Kashmiris in the past adhered mainly to Sufism, the most tolerant, syncretic and humanist version of Islam, in whose shrines Hindus and others routinely visited in the past, and many still do, to offer prayers and respect. But Kashmiri Sufism has been replaced by militant Islamism through India’s decades of Machiavellian and draconian policies in Kashmir in response to Pakistan’s export of Islamic militancy and militant religious ideology. Sufism is under violent attack even within Pakistan by Sunni militants. Can the situation be reversed? Can the deep wounds and scars of the past seven decades that involved four wars between India and Pakistan be erased and healed? If yes, then how? If not, then will each group be happy by having their political units, as the Indian government has envisioned? The Ladakhi MP Jamyang Tsering Namgyal’s viral speech in the Indian Parliament raised some crucial points despite his partisan BJP passions and loyalties.
Both Hindutva-led India and one-party China blindly believe and follow outdated ideas of European nationalism and its relation to states. The geopolitics in China- and India-dominated Asia is such that smaller cultural communities and nation-states will have to struggle for survival and will remain under threat. What’s worse, it is not only people in India and China but also countries like Nepal, Myanmar and Sri Lanka—all adhere to this murderous belief that humans can and must live only among their own kind and that their kind can live only in a homogenous ethnically and culturally dominant state. Why can’t cultural and linguistic groups exercise their rights wherever they live among other people? Why can’t human values co-exist with cultural and religious values among different peoples within a state? Why can’t differences be structurally respected and embraced?

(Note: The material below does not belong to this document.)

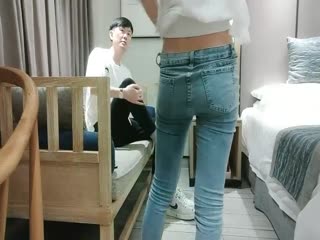 苗条妹子口交舔屌坐上来JB插入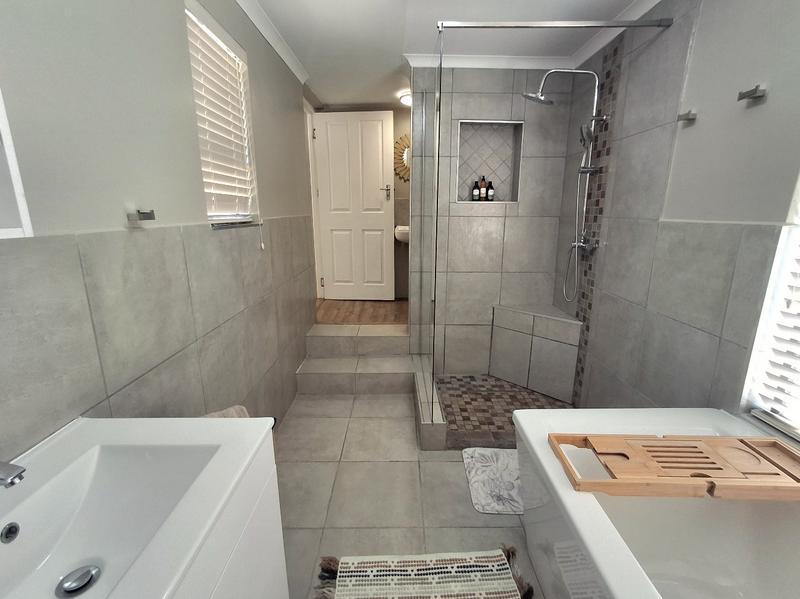 4 Bedroom Property for Sale in Britannia Bay Western Cape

Seen from this perspective, the BJP government has little credibility to abrogate the special status of Kashmir. Their belief in Hindutva and their silent endorsement of incidents of lynching of Muslims for cow smuggling and alleged beef possession under PM Modi proves that if they can’t protect the life and liberty of Muslims within mainstream India, how can they protect the rights of Muslims in Kashmir even if Kashmir becomes like any other mainstream Indian state?
Therefore, I agree that given the continuous bleeding of Kashmir and India through Kashmir, there should have been a wider conversation within India, including in Kashmir, among the common people, politicians and intellectuals, about the failure of successive experiments in Kashmir and the way forward. Dialogue and wider conversations should have preceded any last resort action of the kind that occurred in order for it to be persuasive. As it is, it will remain for an independent observer, an example of India’s might against Kashmiri Muslims’ right.
Does Nepal, a sovereign country with a complicated relationship with India, have a lesson to learn from all this? I see at least three immediate lessons. One, keep your house in order and put into reality the best practices of governance for people’s general prosperity. Two, stay away from the dangerous game of playing India against China and China against India. Three, give cultural and linguistic rights to groups within Nepal to eradicate structural inequality in the governance of the state. Dysfunctional, geopolitically partisan and unjust states invite both internal and external troubles.